**Task description:** Only the lines below from the one containing "El proyecto europeo" through the last line should be set down, exactly as written and with no pictures.

**Exercise data:**
■ ■ ■ ■ ■
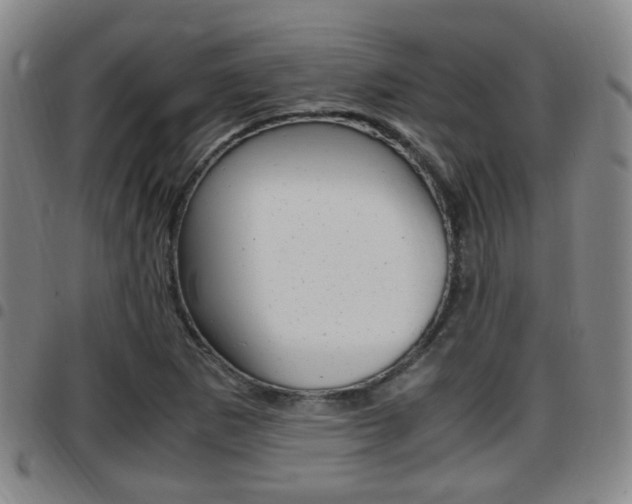 X0000097881265200803140934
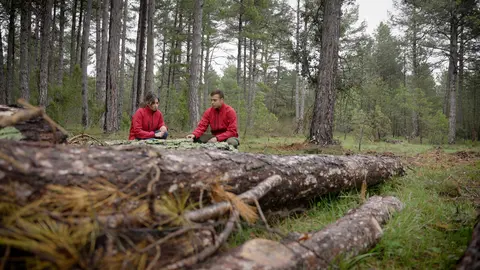 El proyecto europeo Life Token CO₂ pretende valorizar la gesti&oacute;n forestal para frenar el cambio clim&aacute;tico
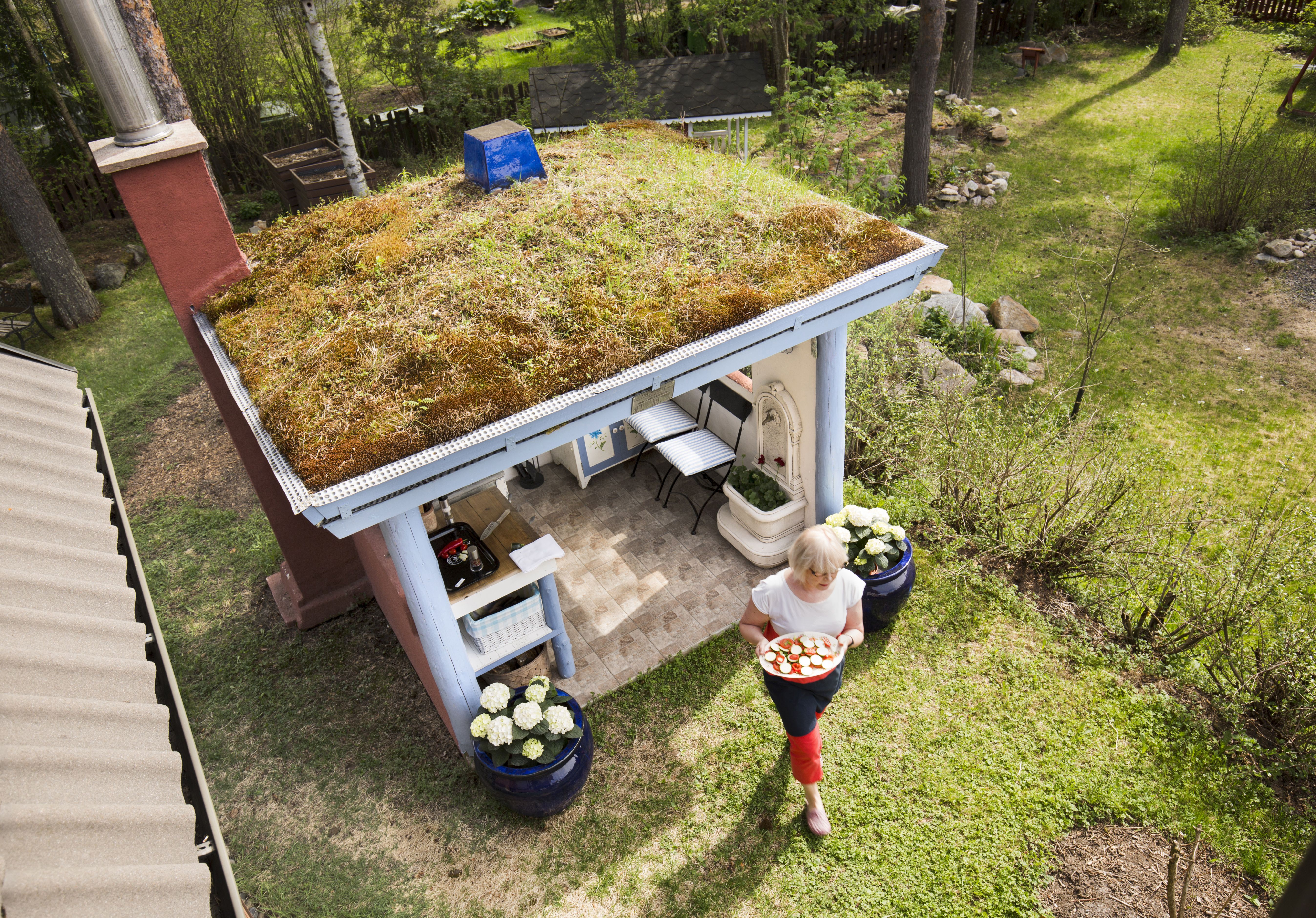 Turvekatolla kasvaa sammalta ja horsmaa.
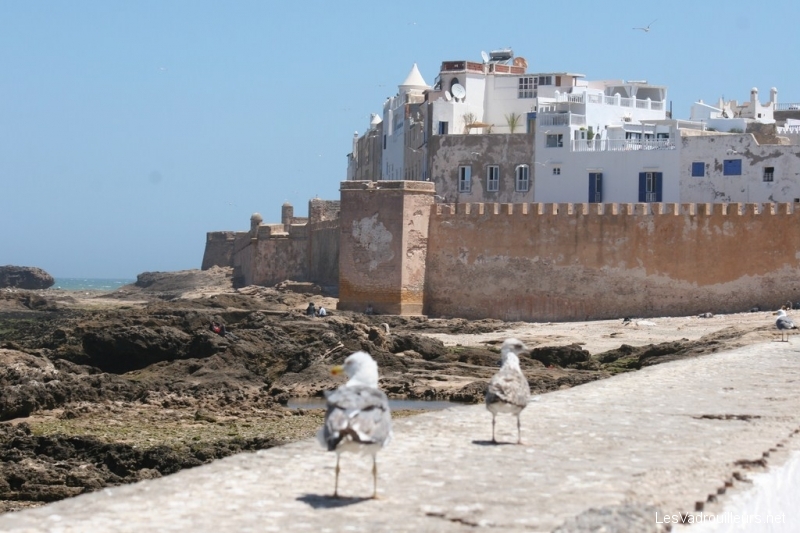 Lire la suite à propos de l’article Excursion Marrakech Essaouira : découvrir l’ancienne Mogador
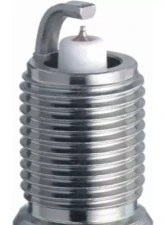 NGK GP Platinum Spark Plug Box of 4 (TR55GP)                                     - 3403 - Image 2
■ ■ ■ ■ ■
**Solution to the problem:**
 El proyecto europeo Life Token CO₂ pretende valorizar la gesti&oacute;n forestal para frenar el cambio clim&aacute;tico
 Turvekatolla kasvaa sammalta ja horsmaa.
 Lire la suite à propos de l’article Excursion Marrakech Essaouira : découvrir l’ancienne Mogador
 NGK GP Platinum Spark Plug Box of 4 (TR55GP)                                     - 3403 - Image 2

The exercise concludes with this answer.